Patrik Kleindl Thu, 04 Oct 2018 09:51:23 -0700

Saw it, thank you.
Best regards
Patrik


> Am 04.10.2018 um 17:11 schrieb Matthias J. Sax <matth...@confluent.io>:
> 
> Thanks for the details.
> 
> Seems like a fair assumption. I created a jira to track it:
> https://issues.apache.org/jira/browse/KAFKA-7480
> 
> For now, there is not much you can do, because Streams hard codes to set
> the policy to "none". Thus, a manual restart (that is gladly working as
> you confirmed) it currently the way to go.
> 
> Thanks for reporting this issue.
> 
> 
> -Matthias
> 
>> On 10/4/18 3:23 AM, Patrik Kleindl wrote:
>> Hello Matthias
>> Thanks for looking into this.
>> A restart has worked, I can confirm that.
>> Before this problem happened we had some cluster issues which are still
>> being looked into, there were some leader changes and some offset commit
>> failures.
>> The consumer should not have lagged that much behind, but I can only check
>> that at the next occurrence.
>> 
>> Does the user have any other solution available than to restart?
>> I understand the intention to "notify" the user of a potential problem, but
>> if nothing can be changed about the data loss then a warning message and
>> automatic recovery should not make things worse.
>> This would make sense as an improvement, as I understand this is not a bug
>> the case is closed for me at the moment.
>> 
>> Thanks again and best regards
>> Patrik
>> 
>>> On Thu, 4 Oct 2018 at 02:58, Matthias J. Sax <matth...@confluent.io> wrote:
>>> 
>>> I double checked the code and discussed with a colleague.
>>> 
>>> There are two places when we call `globalConsumer.poll()`
>>> 
>>> 1. On startup, when we need to bootstrap the store. In this case, we
>>> catch the exception and handle it.
>>> 2. During regular processing.
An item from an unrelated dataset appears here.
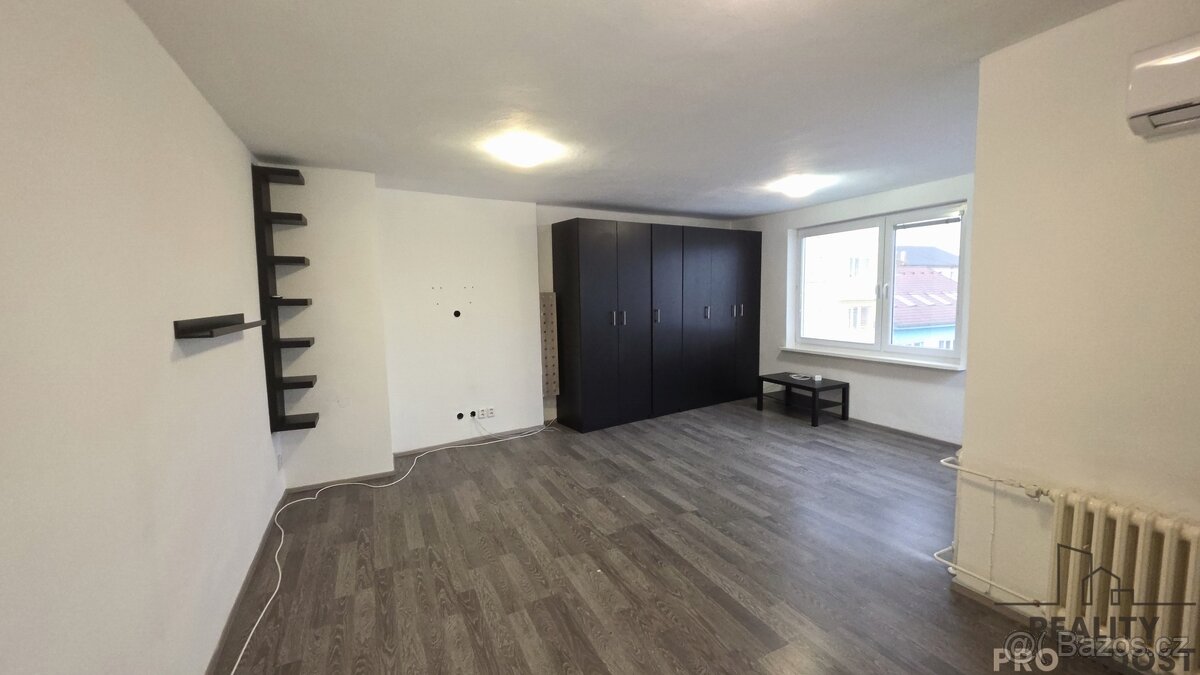 Pronájem bytu 1+1 s balkónem 52m2 v Hodoníně , Nájem 1+1 - 5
In this case, we don't catch the exception.
>>> 
>>> The reasoning is the following: For case (1) the exception should only
>>> happen if you start a new application of if an application was offline
>>> for a long time. This is fine and we just make sure to bootstrap
>>> correctly. For case (2) the consumer is at the end of the log and thus,
>>> an InvalidOffsetException should never occur but indicate an issue the
>>> user should be notified about.
>>> 
>>> Does this reasoning make sense?
>>> 
>>> Question: if you restart your application, does it fail again? Or does
>>> it resume processing?
>>> 
>>> It would be good to understand the root cause. It seems, you
>>> globalConsumer is lagging behind? Can you verify this? If yes, it seems
>>> to make sense to stop processing to inform the user about this issue.
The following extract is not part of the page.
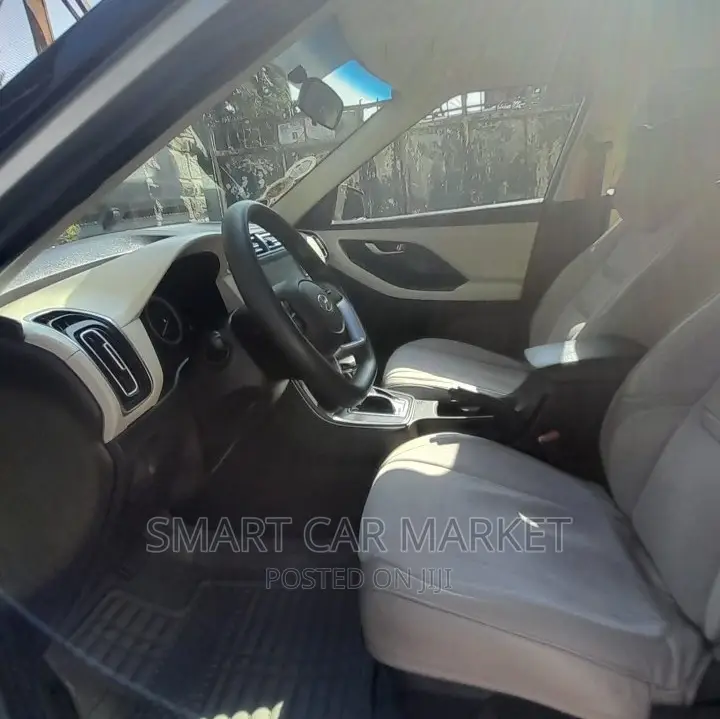 Hyundai Creta 2022 Silver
>>> Would you rather prefer the application to just move on implying silent
>>> data loss??
>>> 
>>> 
>>> -Matthias
>>> 
>>> 
>>>> On 10/3/18 12:20 AM, Patrik Kleindl wrote:
>>>> Hello Matthias
>>>> Thank you for the explanation.
>>>> 
>>>> Version used is 2.0.0-cp1
>>>> 
>>>> The stacktrace:
>>>> 2018-10-02 10:51:52,575 ERROR
>>>> 
>>> [org.apache.kafka.streams.processor.internals.GlobalStreamThread$StateConsumer]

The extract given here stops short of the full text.